GPS inaccuracy continues to be a major concern, but it is not clear to me that we’ll be able to adequately mask the issues we have here:

  • As per above, even with 30 mins overlap required for exposure notification, a 7 char geohash will throw up 100s of false positives across a dozen or more local businesses, which are nothing to do with the point of concern.

  • We can either choose to expose the scale of a 7 char geohash in Safe Places, or try to hide this, but the problems with false positives will be the same.

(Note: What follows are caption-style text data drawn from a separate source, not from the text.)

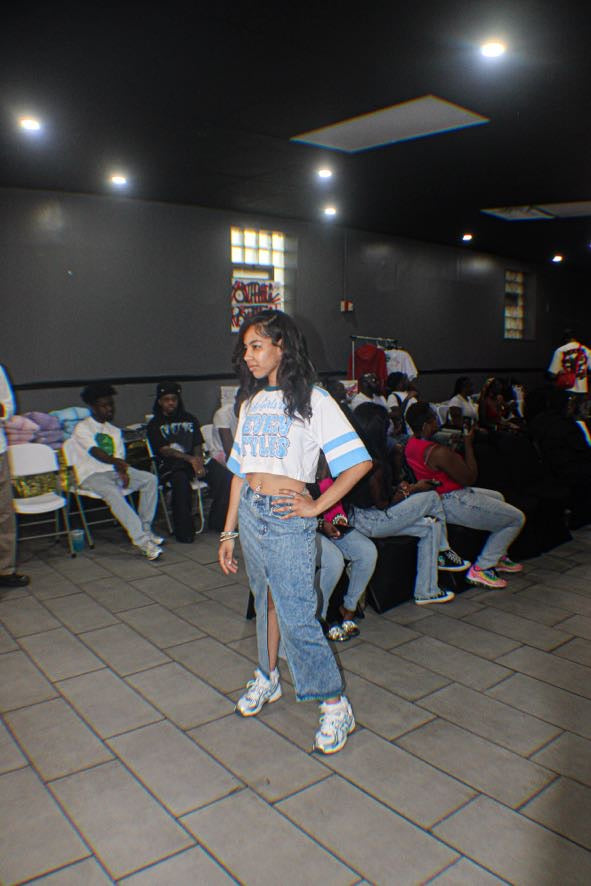 PRETTY GIRLS WEAR SEVEN STYLES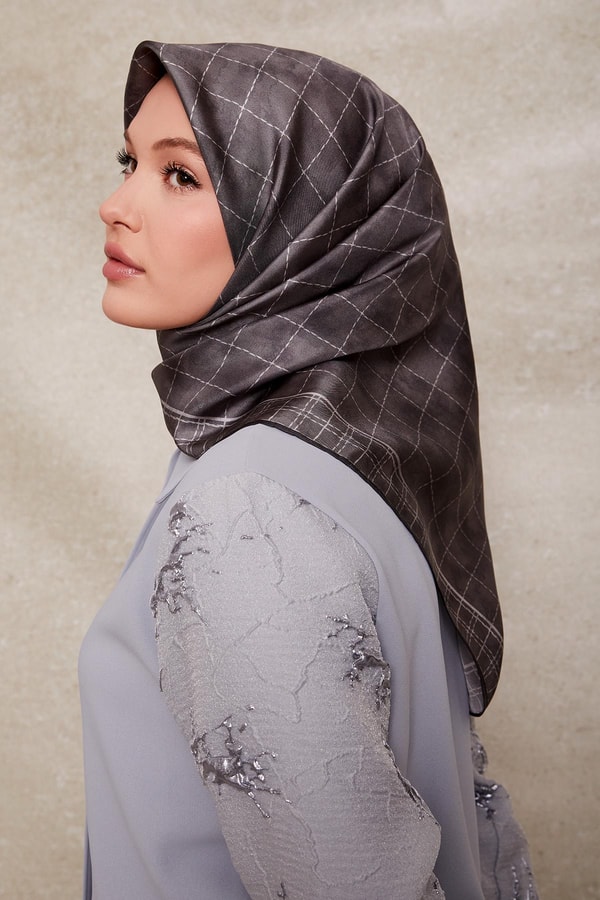 LevidorGri Kareli Twill İpek Eşarp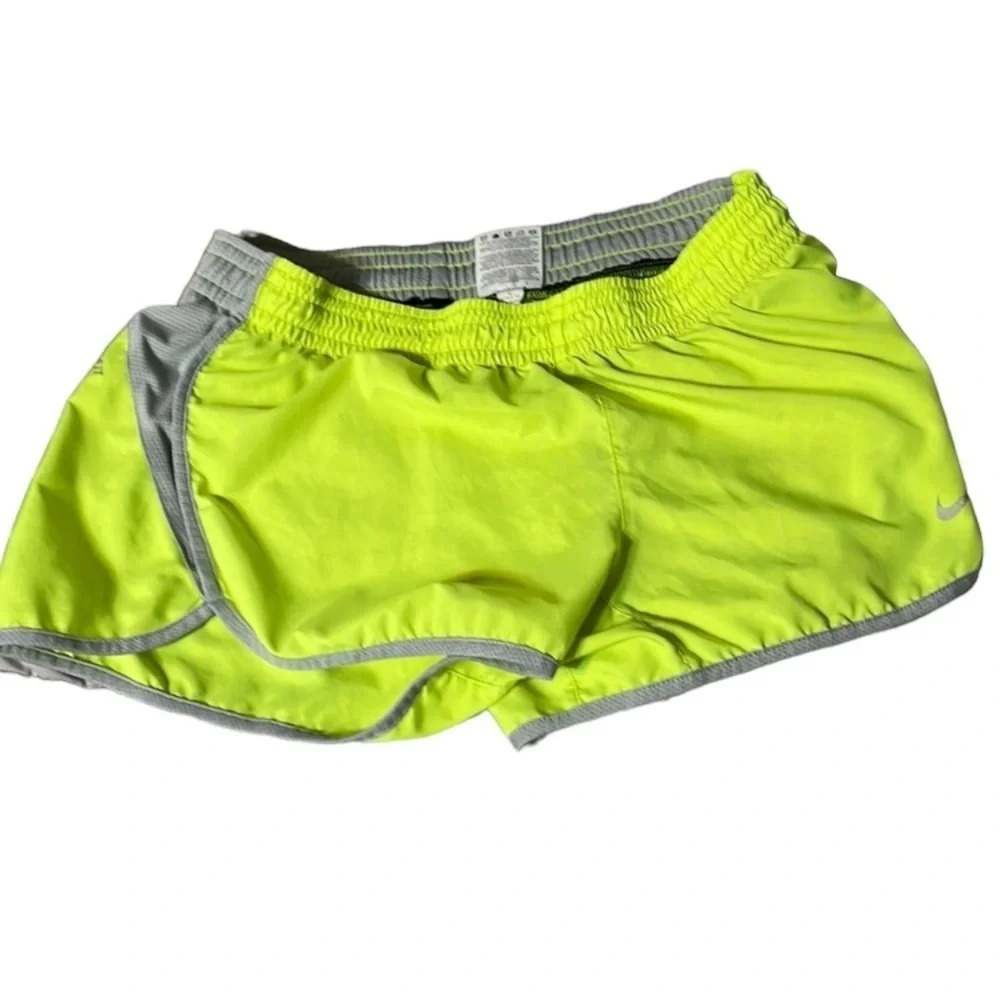 Nike women's active short neon green size medium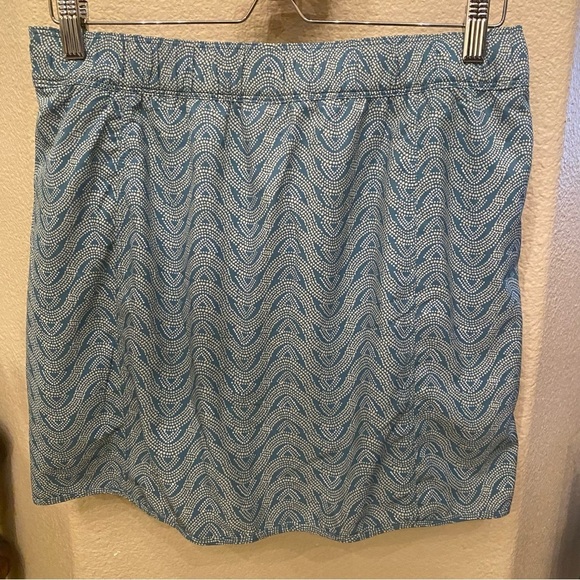 PATAGONIA Women Green Patterned Skort Size Medium - Picture 4 of 8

As a point of reference, here’s an article that ridicules the North Dakota contact tracing app for having +/-65m inaccuray on location points, rendering it ineffective. Interestingly the reason behind that is that they did not want to use GPS for location, and so relied on WiFi & cell towers.

https://mashable.com/article/north-dakota-contact-tracing-app/?europe=true

Proposal

Pre-requisite - GPS accuracy

  • A pre-requisite for all of this is that we need to sort out GPS accuracy to be within ~20m most of the time.

  • Based on considerations above regarding inevitable false positives from 7 char geohashes, and the reportign on teh North Dakota app, I think this is mandatory for any GPS-based exposure notification solution.

 

Part 1 - I think we should do this: Safe Paths + JSON interfaces → native geohash.

  • Move Safe Paths to natively store location as 8 char geohash, rather than GPS points.

  • As well as “main location” geohash, also store a set of “nearby” geohashes, reflecting all geohashes that fall within 20m of the original recorded lat/long position.

  • On JSON interface App->Safe Places, send the “main location” geohash instead of lat/long.

  • On JSON interface Safe Places->App, flag points of concern with geohashes, not lat/long (in time this will move to hashes of geohashes). These should be 8 char geohashes.

  • Chang matching logic in Safe Paths to be geohash based, rather than lat/long based.

 

Part 2- I think we should consider this, but would love Kyle’s input: Safe Places → Native geohash

  • Safe Places stores all locations as 8 char geohashes

  • Safe Places UI adapted to display geohash areas, rather than individual points of concern.

  • When Safe Places users edit or modify points of concern, all they can do is replace one 8 char geohash with another, they don’t have any more fine control than this.